About this task
Look through the data below and extract, unchanged, the lines from the one that contains "ナイアシンアミド エイジングケア 公式" to the one that contains "دوره آموزش مالیاتی در لواسان", both included.

[Supplied entries — start]

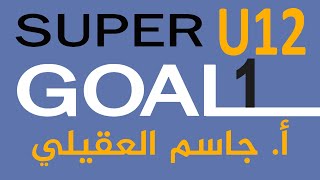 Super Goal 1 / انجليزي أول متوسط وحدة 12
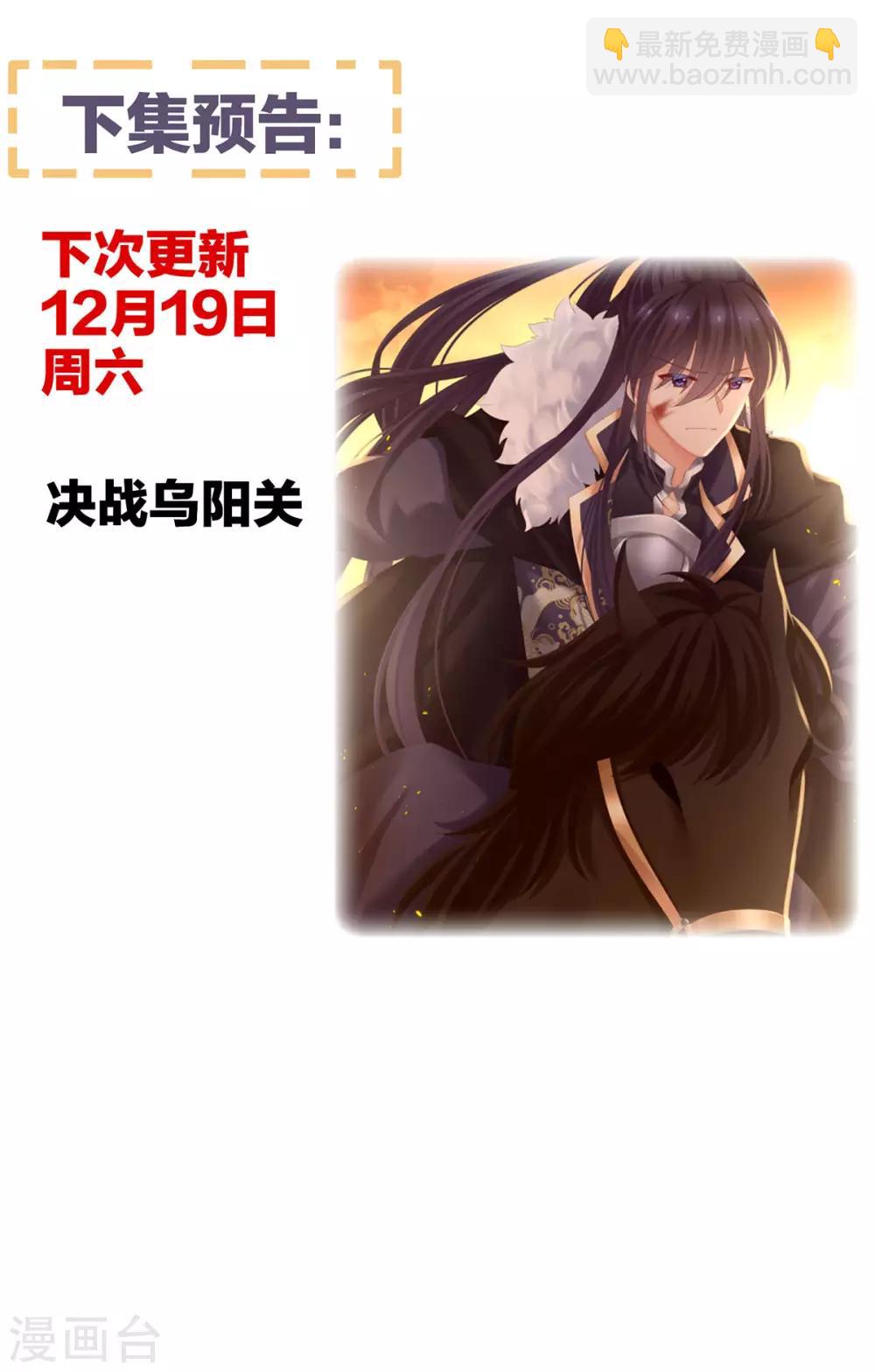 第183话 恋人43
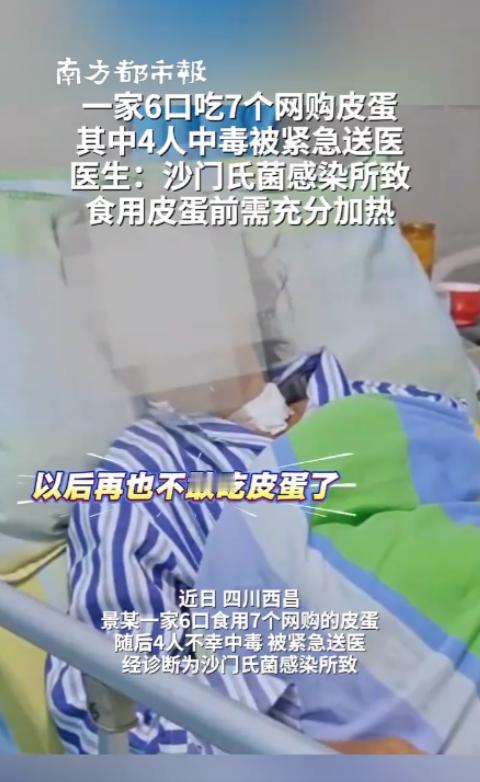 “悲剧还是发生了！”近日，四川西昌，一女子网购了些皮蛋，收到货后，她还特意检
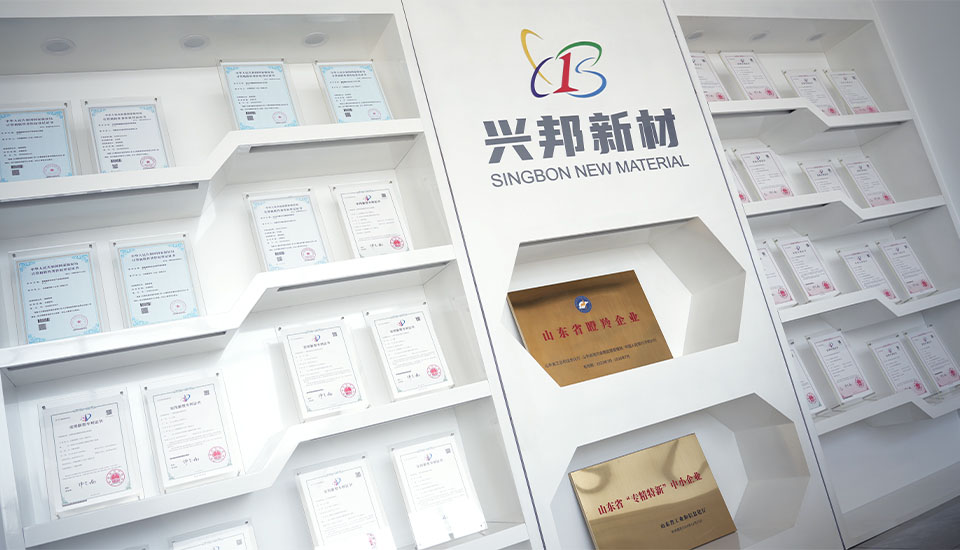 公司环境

[Supplied entries — finish]
[Supplied entries — start]

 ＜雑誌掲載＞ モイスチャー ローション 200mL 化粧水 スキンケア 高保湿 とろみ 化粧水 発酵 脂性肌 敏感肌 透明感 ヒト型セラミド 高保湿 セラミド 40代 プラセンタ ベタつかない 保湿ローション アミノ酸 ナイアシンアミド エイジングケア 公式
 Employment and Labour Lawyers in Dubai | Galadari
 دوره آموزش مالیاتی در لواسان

[Supplied entries — finish]
[Supplied entries — start]

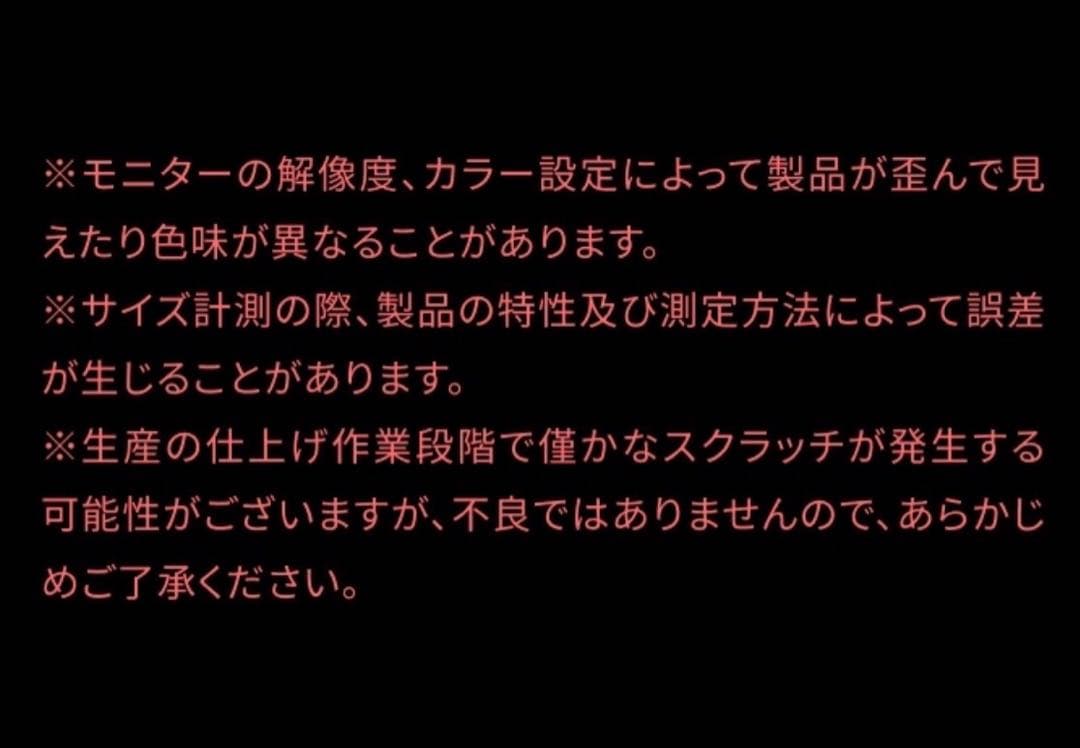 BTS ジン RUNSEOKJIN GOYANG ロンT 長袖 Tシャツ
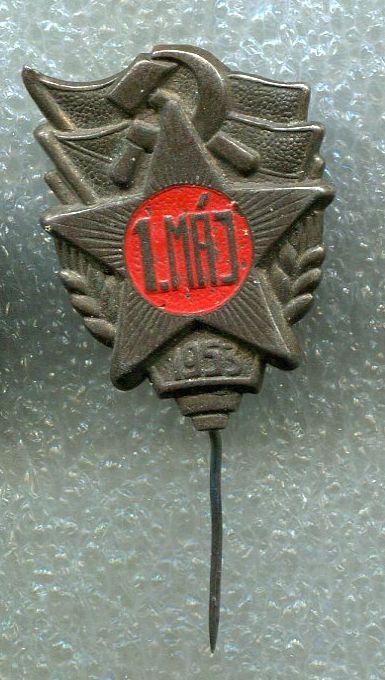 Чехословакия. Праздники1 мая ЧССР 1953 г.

[Supplied entries — finish]

Task output
 ＜雑誌掲載＞ モイスチャー ローション 200mL 化粧水 スキンケア 高保湿 とろみ 化粧水 発酵 脂性肌 敏感肌 透明感 ヒト型セラミド 高保湿 セラミド 40代 プラセンタ ベタつかない 保湿ローション アミノ酸 ナイアシンアミド エイジングケア 公式
 Employment and Labour Lawyers in Dubai | Galadari
 دوره آموزش مالیاتی در لواسان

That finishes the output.